At Christmas markets you can also drink hot caipirinhas. Santa and heated Brazilian cocktails make perfect sense. I wouldn’t be surprised if hot mojitos existed somewhere in Germany, as well. From what I gathered caipirinhas are having a moment in Berlin, and bottles of cachaça (Pitu brand) were behind most bars. Good for them. In Puerto Rico I kept getting served caipirinhas made with rum because no one stocked cachaça, so no one should assume that geographical proximity has anything to do with authenticity.

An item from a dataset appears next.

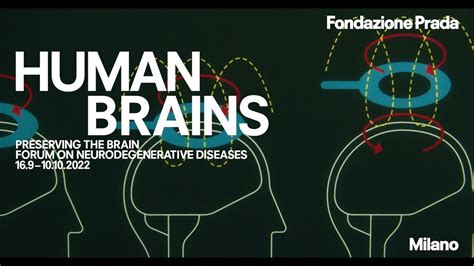 fondazione prada human brain|PRESERVING THE BRAIN – Fondazione Prada.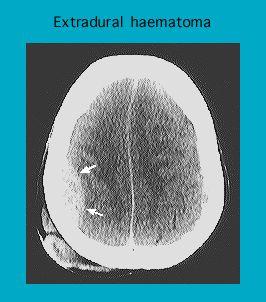 CT scan of a brain showing an extradural haematoma with highlighted affected areas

You can also drink at a houseboat-like structure jutting out over a river. You can also eat quesadillas there, now a global bar snack, with a blanket on your lap while smoking in the heat-lamped but still freezing back room that’s open-air in the warmer months. New Yorkers are way less resilient to rain and chill.

Ankerklause front

Ankerklause menu

WatermelonYou can drink something called a Watermelon Man, which as a melon-hater wound me up unnecessarily. I thought it was a fluke when I first noticed it on a menu at Ankerklause, then realized it clearly a standard when it also appeared at a chicer café and was mentioned in club reviews in around town guide in the hotel room. The vodka and watermelon liqueur cocktail seems to be a ‘90s holdover much like our dated cosmopolitan. Supposedly, Bar am Luetzowplatz invented this "classic."

Tonga

You can also drink at a tiki bar where they only other patrons might be a couple drinking tea and a young man nursing a beer while reading at the bar and the music is off-decade big band and ragtime. You might also get booted out at an unreasonable 11:30pm and when you order an old fashioned it will arrive in a giant tumbler gussied-up like a tiki drink. Of course, Watermelon Man is also present.

Kadewe

You can drink champagne bearing the name of the department store you’re in, while eating oysters. Can you imagine Bloomingdale’s champagne or a raw bar upstairs?

Becketts kopf

You can ring a bell, luck out that there are two free stools because you didn't make reservations on a Saturday night, and drink serious cocktails described only in German even though the names are all in English at a speakeasy with only a picture of Samuel Beckett as signage. You could try a classic Blood and Sand or a more unusual Scotch-based drink softened with cream, the Bonnie Prince Charles (which is nothing like the similarly named beverage at Mary Queen of Scots).  I had an apple-y Widow's Kiss.

Reingold

You could drink at another serious, i.e. Watermelon Man-free, though less subdued bar, Reingold, right after eating at nearby restaurant named Reinstoff, and wonder how many Rein prefixed establishments might be in the area. I did not encounter anything particularly German about any cocktails I tried—most were very much in the American canon—so I was happy when German language covers of Ozzy and Santana came on while sipping my Martinez. Punks and their parents were welcome. And obviously, smoking was too–I just realized there's an ashtray in practically every photo here.

Cccp tadpoles

You can drink in a Soviet-themed bar next to tank most definitely not filled with fish. After a while the albino tadpole-like creature might grow on you.

Cccp

And the paintings.

Astra

You can drink a Hamburg pilsner just because the label is cute. The sports bar where it was imbibed, a British chain, attached to a hostel, was less cute but maybe you acquiesced out of curiosity and to appease a boyfriend’s wish to see the Redskins game (the only American football game was Cincinnati). I bet they served a Watermelon Man. They definitely served Jager shots.